Darwin Day Meets Black History Month–Sparks Fly
As a nod to Darwin Day and Black History Month, today’s ID the Future spotlights the racist thinking of Charles Darwin and the scientific racism fueled by Darwinism and Darwinists. As guest and historian Michael Flannery notes, Darwin’s followers, including Darwin’s cousin, Francis Galton, took ideas found in Darwin’s work and used them to vigorously press the case for eugenics, a movement that came to have a horrifying impact for American blacks in the twentieth century, including for thousands who were subjected to forced sterilizations. Was Darwin’s racism purely a function of his time and place, Victorian England? Flannery says no, and on two counts. First, he says that the co-discoverer of the theory of evolution by natural selection, Alfred Russel Wallace, was far more progressive about non-Anglo indigenous races than was Darwin, arguing that they were very much the equals of Europeans, morally and intellectually. Such an outlook is dramatically different from Darwin’s, who saw them as far inferior and destined to be weeded out by the process of natural selection one day. Also, while Wallace came to embrace a form of intelligent design and to reject philosophical materialism, Darwin and many of his followers saw his theory as both rooted in, and supporting, a materialistic outlook on nature. Humans, in other words, were without an immaterial soul. This materialistic view of the human person, Flannery and host Jay Richards argue, vitiates the traditional theological understanding of humans as made in the image of God with inherent dignity and worth. As Richards further notes, Martin Luther King Jr. made precisely this point himself. Tune in as Flannery and Richards explore this oft-neglected corner of history.

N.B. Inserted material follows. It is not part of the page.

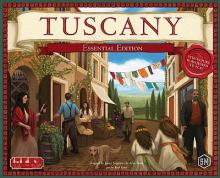 Tuscany Essential Edition - obrázek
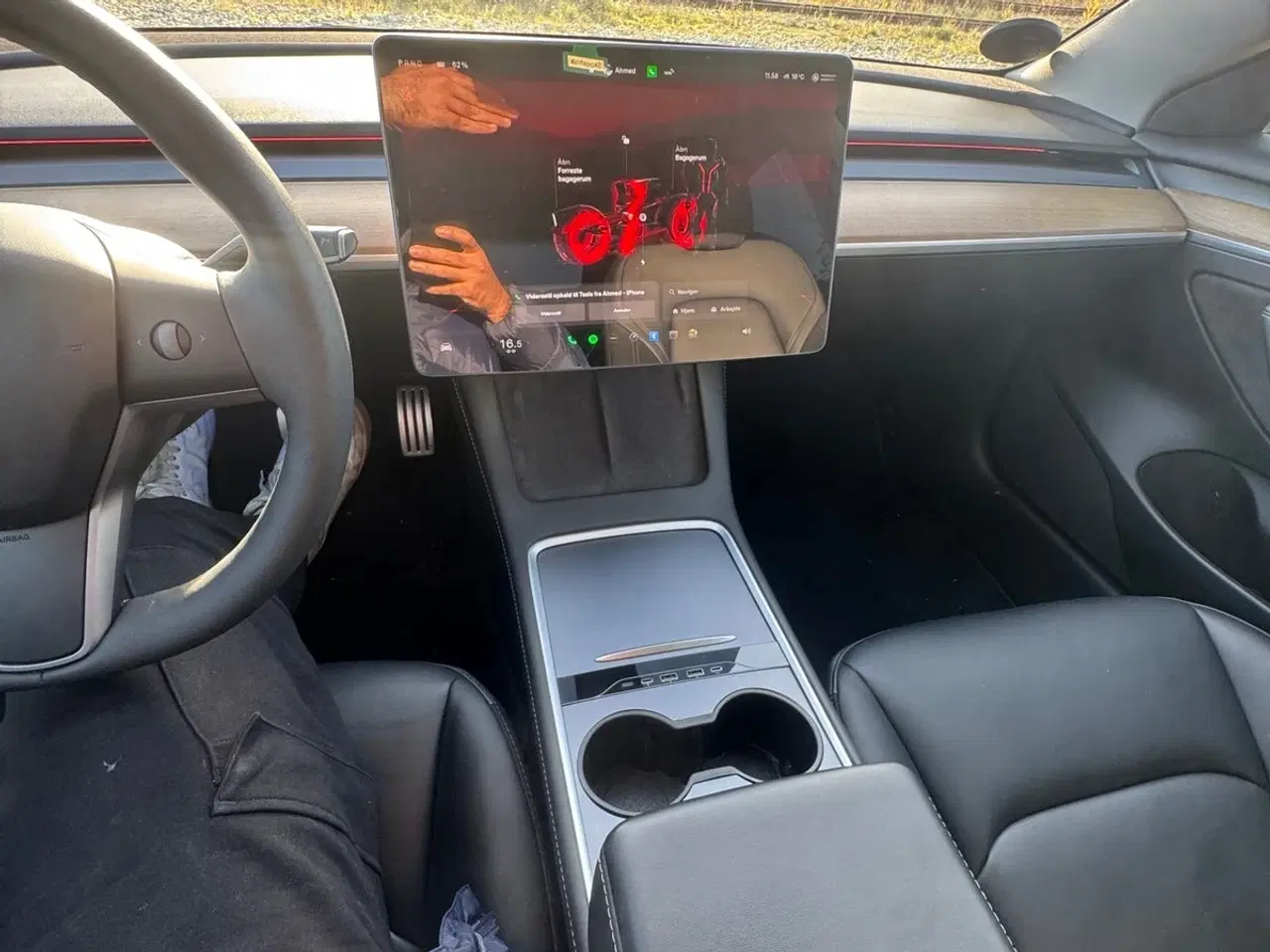 Billede 7 - Tesla Model 3 Performance AWD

How to Destroy Love with Darwinism
On today’s ID the Future, host Andrew McDiarmid presents an Evolution News essay, “How to Destroy Love with Darwinism.” Altruism as defined by evolutionists means “behavior by an animal that may be to its disadvantage but that benefits others of its kind.” It’s not an easy fit with Darwinism, since Darwinian evolution is all about passing your favored genes onto your offspring. How can a creature do that if she gives her life for another, particularly when it’s not even her own children, and before she has produced any offspring? Such individuals fail to pass on their own genes — a seeming conundrum for Darwinism. Evolutionists have made some progress (they think) explaining such things with theories of group selection or kin selection. But those explanations face some fresh challenges and don’t even begin to explain self-sacrificial acts done for non-kin, a behavior we see among humans. From a design perspective, though, such behaviors are not baffling, for they are not genetically determined acts, as if humans are only wet robots governed by genes. They are acts of true self-sacrificial love, done freely and made possible because reality is more than matter and energy, and humans are more than just DNA survival machines.

Let’s Champion Human Exceptionalism, Pt. 3
On this classic ID the Future, hear more from bioethicist Wesley J. Smith about The War on Humans. In this episode of the series, hear about the legal movement to establish legal rights for animals, and even plants. Smith examines the meaning of the term “personhood” and its implications for human rights.